## Task item
Skip every picture while you write out the records below, from the first line through the one that contains "Худі з начосом", both ends kept.

## Entries shown
[Start of Attachment]

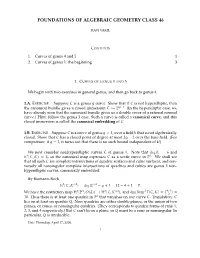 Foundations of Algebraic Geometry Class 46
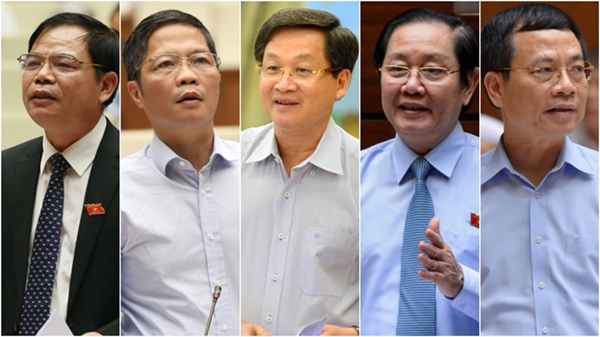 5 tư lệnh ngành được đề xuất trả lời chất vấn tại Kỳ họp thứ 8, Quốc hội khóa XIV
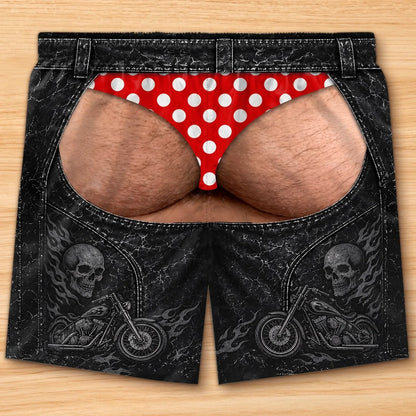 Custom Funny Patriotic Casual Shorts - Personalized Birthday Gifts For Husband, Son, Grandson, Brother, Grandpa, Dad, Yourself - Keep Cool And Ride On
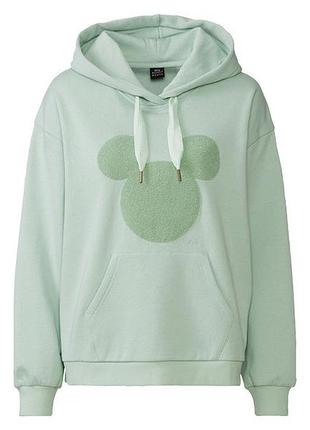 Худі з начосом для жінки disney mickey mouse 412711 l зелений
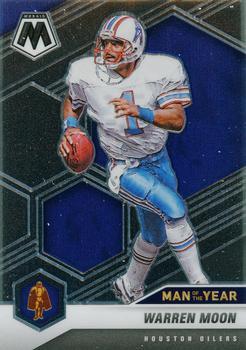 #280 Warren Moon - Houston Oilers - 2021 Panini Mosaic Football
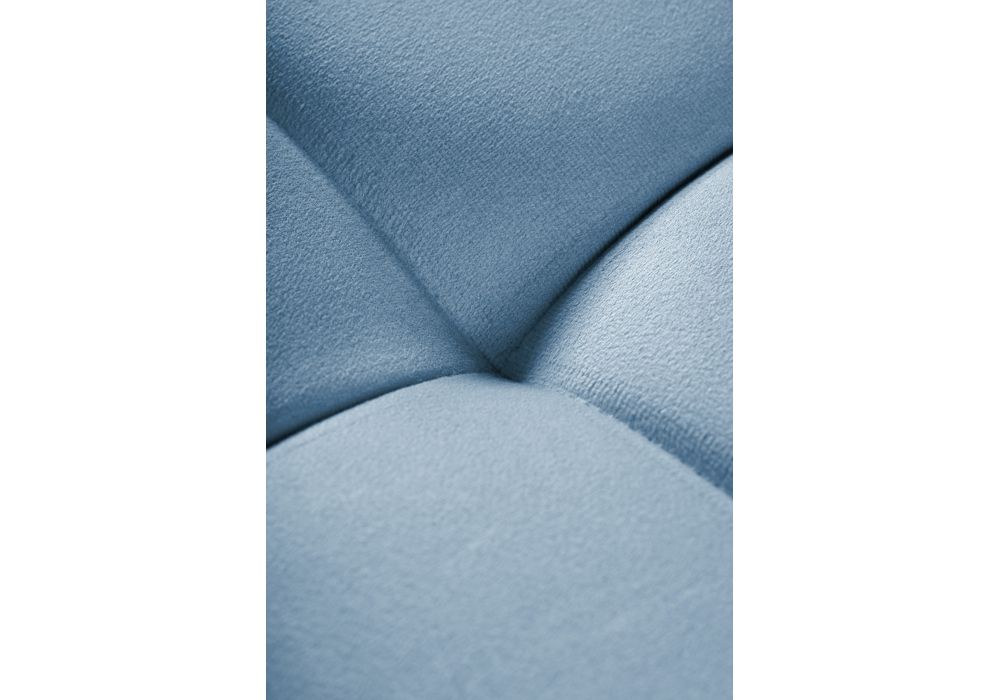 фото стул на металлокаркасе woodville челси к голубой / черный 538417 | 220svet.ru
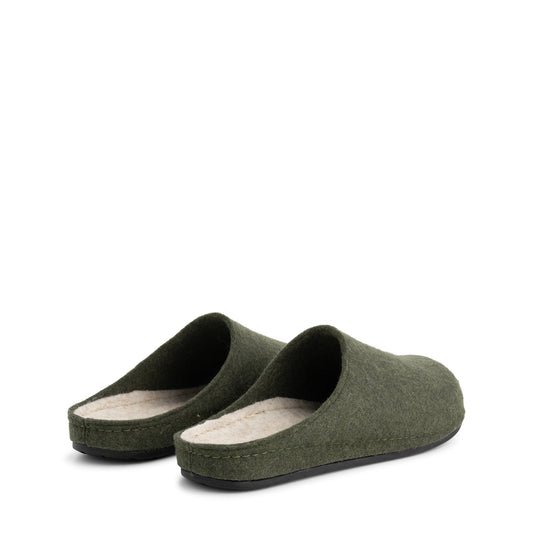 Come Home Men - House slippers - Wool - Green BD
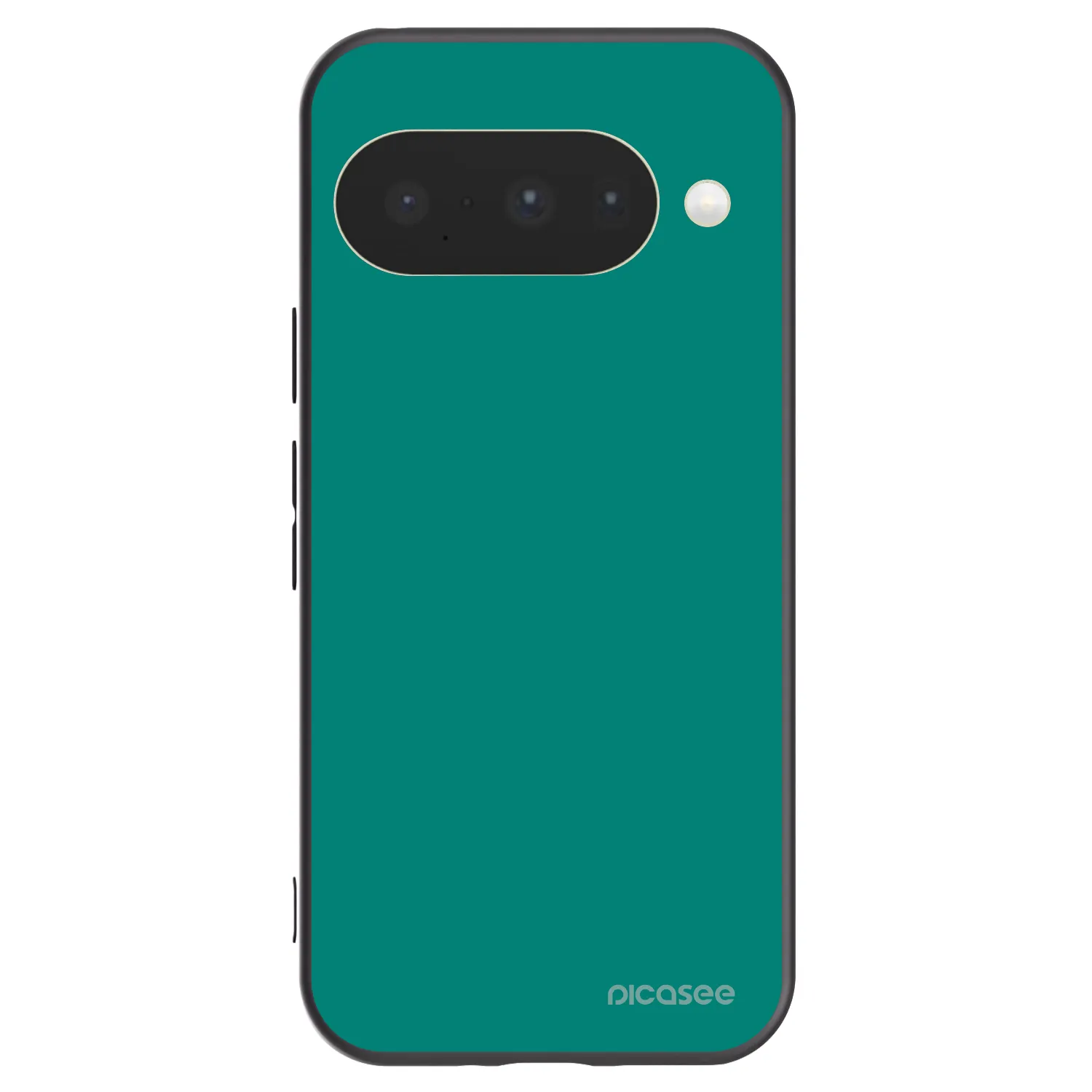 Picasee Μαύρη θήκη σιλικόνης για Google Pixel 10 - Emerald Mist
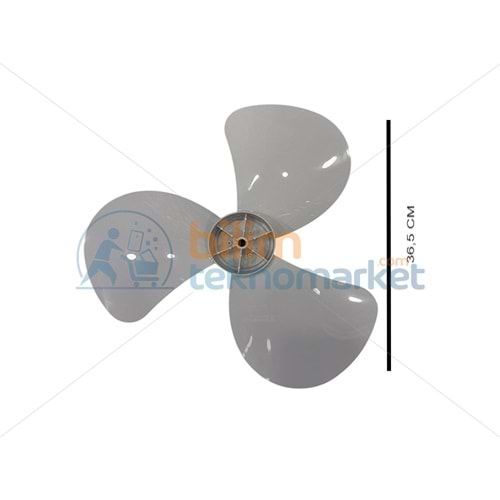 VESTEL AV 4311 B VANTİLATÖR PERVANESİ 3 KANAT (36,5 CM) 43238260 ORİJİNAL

[End of Attachment]

## Exercise solution
 Foundations of Algebraic Geometry Class 46
 5 tư lệnh ngành được đề xuất trả lời chất vấn tại Kỳ họp thứ 8, Quốc hội khóa XIV
 Custom Funny Patriotic Casual Shorts - Personalized Birthday Gifts For Husband, Son, Grandson, Brother, Grandpa, Dad, Yourself - Keep Cool And Ride On
 Худі з начосом для жінки disney mickey mouse 412711 l зелений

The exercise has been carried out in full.